Dr John Paterson was a junior officer in 1 Commando engaged in combined operations in the Arakan, and in his account ‘What’s in a Hat?’ describes the nature of the danger as well as the regimental pride enduringly associated with the Commandos,

I well remember one patrol I went on when we were led into a carefully prepared ambush which entailed our party withdrawing pretty smartly, and with some loss of dignity, in order to regroup. It was just outside a village, and there was an unusual feature in a sort of straggly hedge running down a band between two dried-out paddy fields; there was no question about it, we had to run for it.
All my chaps got over this obstacle in safety, gaining cover 50 yards further on, and then never much of a sprinter it was my turn to do my fastest ever hundred yards. Dashing at the beastly thing, I got stuck halfway over, kicking and swearing in mid- air like mad. After what seemed an age I fell down – happily on the ‘home’ side – picked myself up and  started on my second lap. Halfway across the second paddy field I realised my precious green beret was not on my head. Stopping in mid-flight to look back, there it was, hanging in the hedge and ready for the Japanese to pick up as treasure trove. This just would not do! I ran back to retrieve my precious beret, putting it on carefully before running for cover once more. Happily the Japanese were notoriously bad rifle shots and of course my chaps were laughing their heads off with a ringside view of this ridiculous caper. What idiot would go back under fire for a bloody hat? I would. It meant a great deal to me.

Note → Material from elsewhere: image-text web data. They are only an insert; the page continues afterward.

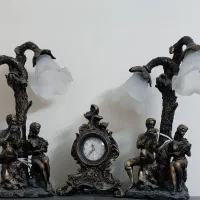 دکوری پلی استر دو شمعدان ویک ساعت شیک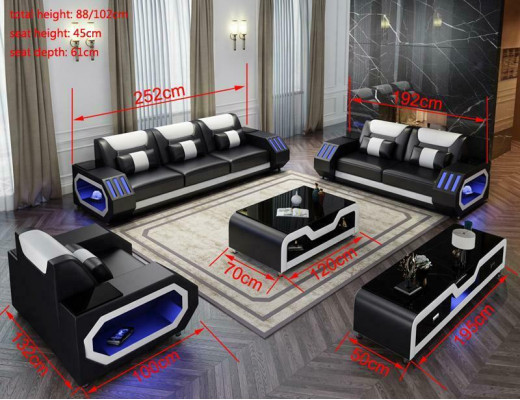 Sofá en forma de L + mesa de centro + aparador de diseño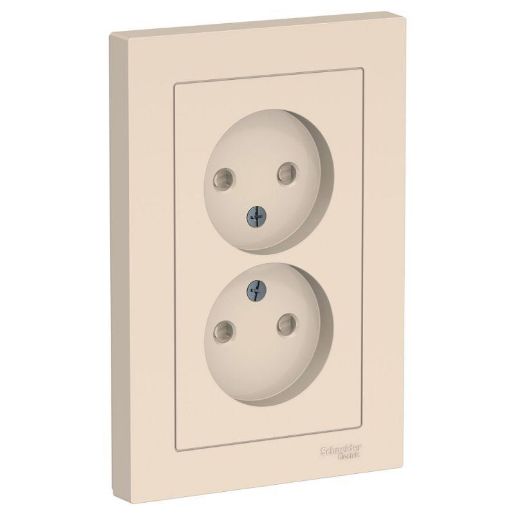 Изображение Розетка 2-м СП AtlasDesign 16А IP20 без заземл. защ. шторки в сборе беж. SE ATN000222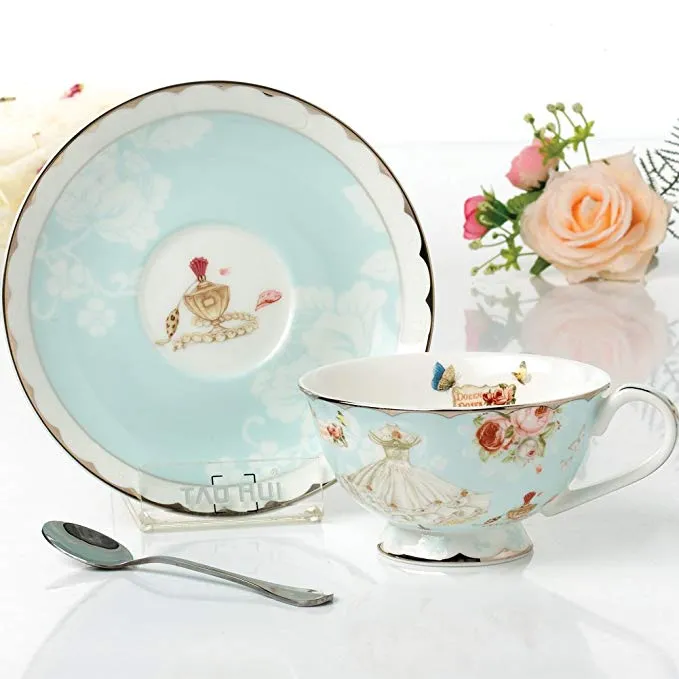 Set di tazze da tè con piattino e cucchiaio Tazze da tè vintage Royal Bone China Set di fiori di rosa blu in scatola 7-Oz245P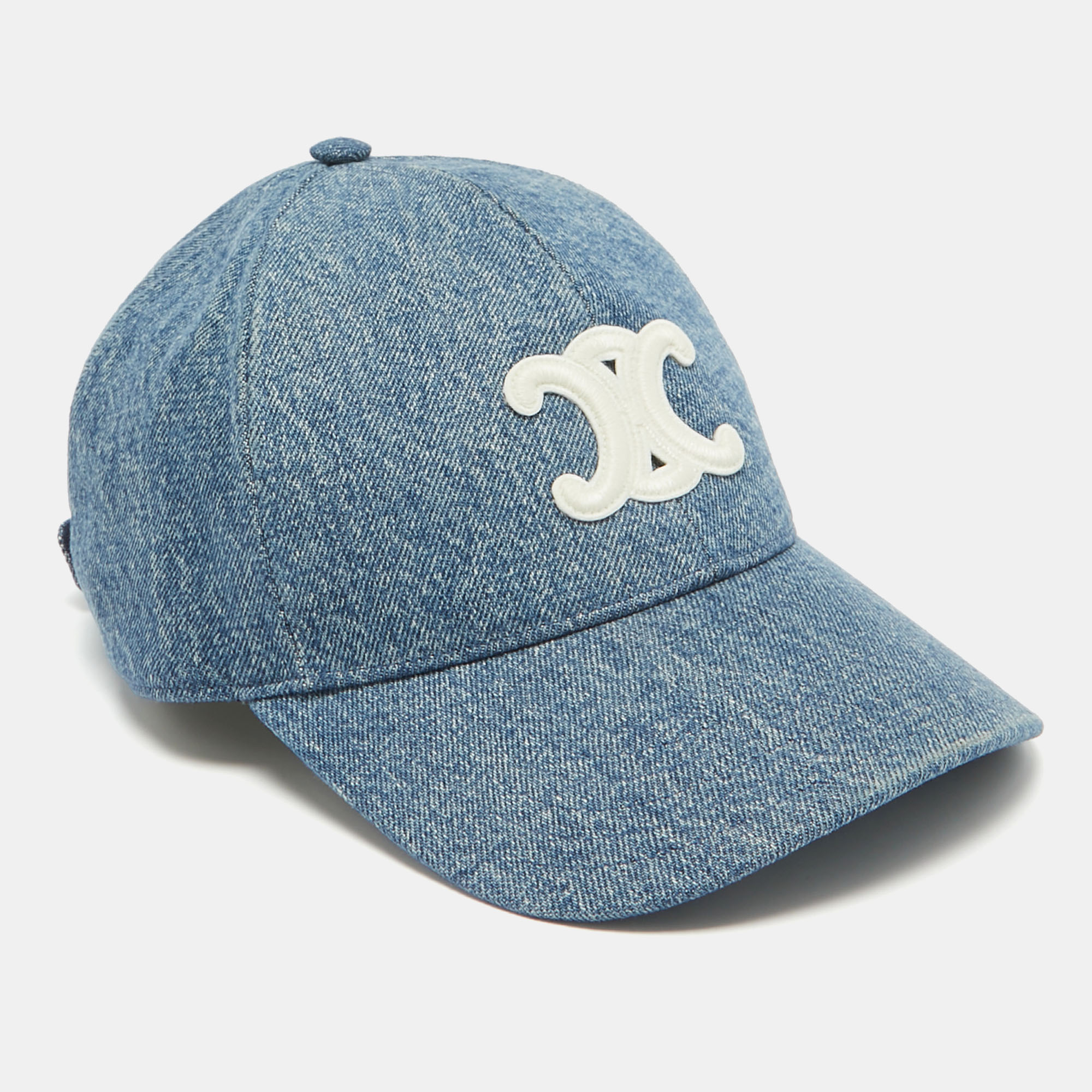 

Celine Blue Applique Denim Triomphe Baseball Cap L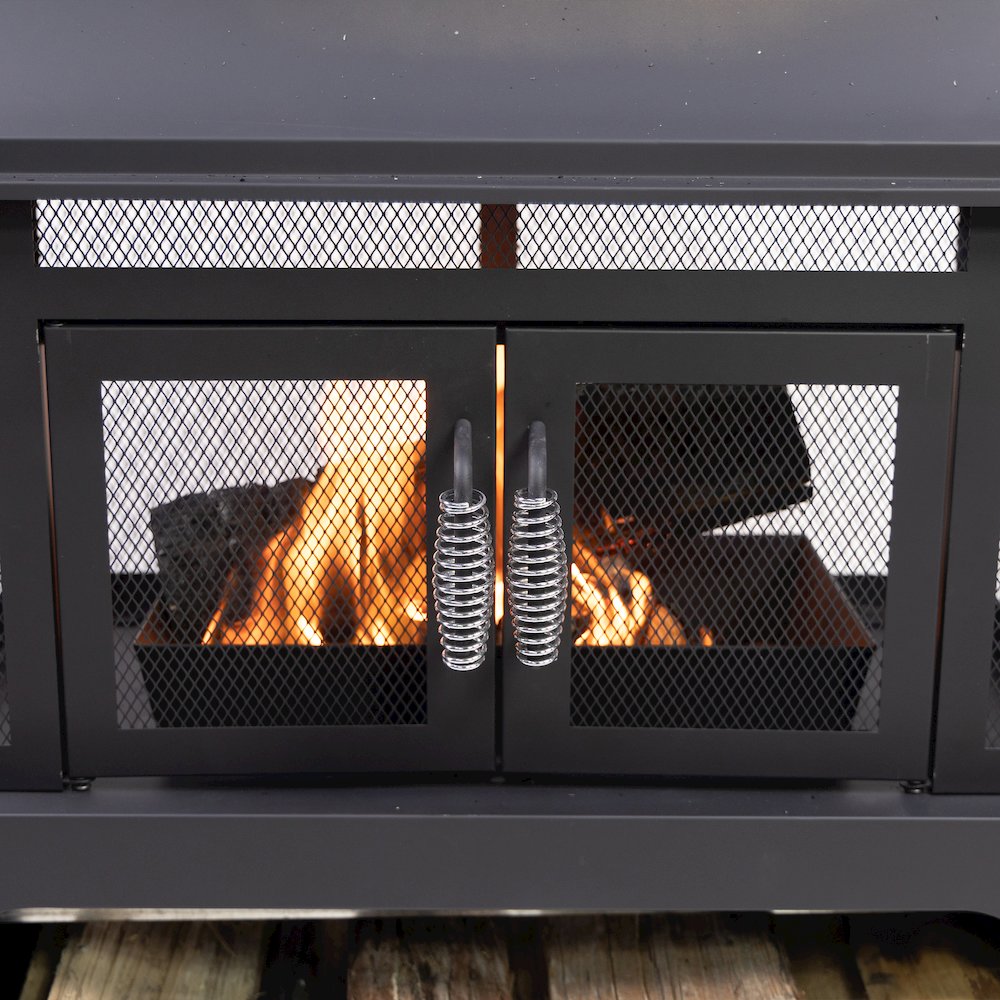 Steel Woodburning Fireplace with Log Storage Compartment & Side Tables. Picture 5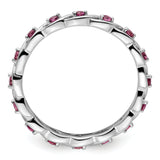 Sterling Silver Stackable Expressions Rhodolite Garnet Ring Size 7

3 Brigade was then withdrawn to India to prepare for Operation Zipper the invasion of Malaya. Fenton Rutter, in command of a flotilla of landing craft, recalled,“We loaded up with the units of the 3rd Commando Brigade and we had our pontoons but fortunately the Japanese bomb dropped and so that was that”.

Commitment

At the end of the war most Commando units were disbanded, only three Royal Marine Commandos and one brigade remained. The legacy of this remarkable force is the Special Forces that were formed from the Commandos and have since proved vital in recent warfare, the Parachute Regiment, the SAS and the SBS.

 

 

The Centre holds a magnificent collection of interviews and memoirs from men who served as and with Commandos and it is fitting to end this introduction with an extract from St Nazaire veteran Arthur ‘Buster’ Woodiwiss’ memoir;

“What made a Commando? Commitment! We were not elite, not chosen but out of our own free will were ready to fight for freedom. We came from all walks of life, all trades and professions, rich and poor. The overwhelming majority of volunteers were not regular soldiers, they were civilians in uniform for the duration of the war. Men who decided the Army needed men of intelligence eager to attack the enemy as specially trained, highly mobile, independent individuals, ready to fight in small groups or alone. The Commando was not a superman, but with stealth and endurance he was trained to be one.”